Eu ia andando pela Avenida Copacabana e olhava distraída edifícios, nesga de mar, pessoas, sem pensar em nada. Ainda não percebera que na verdade não estava distraída, estava era de uma atenção sem esforço, estava sendo uma coisa muito rara: livre. Via tudo, e à toa. Pouco a pouco é que fui percebendo as coisas. Minha liberdade então se intensificou um pouco mais, sem deixar de ser liberdade. Não era tour de propriétaire, nada daquilo era meu, nem eu queria. Mas parece-me que me sentia satisfeita com o que via.
Tive então um sentimento de que nunca ouvi falar. Por puro carinho, eu me senti a mãe de Deus, que era a Terra, o mundo. Por puro carinho, mesmo, sem nenhuma prepotência ou glória, sem o menor senso de superioridade ou igualdade, eu era por carinho a mãe do que existe. Soube também que se tudo isso "fosse mesmo" o que eu sentia - e não possivelmente um equívoco de sentimento - que Deus sem nenhum orgulho e nenhuma pequenez se deixaria acarinhar, e sem nenhum compromisso comigo.
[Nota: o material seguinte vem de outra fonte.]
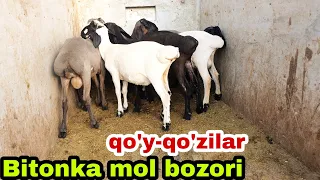 Buxoro Bitonka mol bozori qo'y-qo'zilar narxlari 24июля 2022 г.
Ser-lhe-ia aceitável a intimidade com que eu fazia carinho. O sentimento era novo para mim, mas muito certo, e não ocorrera antes apenas porque não tinha podido ser. Sei que se ama o que é Deus. Com amor grave, amor solene, respeito, medo e reverência. Mas nunca tinham me falado de carinho maternal por Ele. E assim como meu carinho por um filho não o reduz, até o alarga, assim ser mãe do mundo era o meu amor apenas livre.
Clarice Lispector in Felicidade Clandestina ("Perdoando Deus")
18 comentários:
Pois é..
Existem palavras que não cabem outras palavras, Clarice é assim, plena!
Lindo dia bunita
beijosssssssssss de sampa
esse texto está marcadíssimo em meu livro.....
beijos, boneca
Bela foto, belissimo texto.
Um destes dias, eu ainda vou começar a ler Clarice e vai ser graças a ti. Bjos de boa tarde!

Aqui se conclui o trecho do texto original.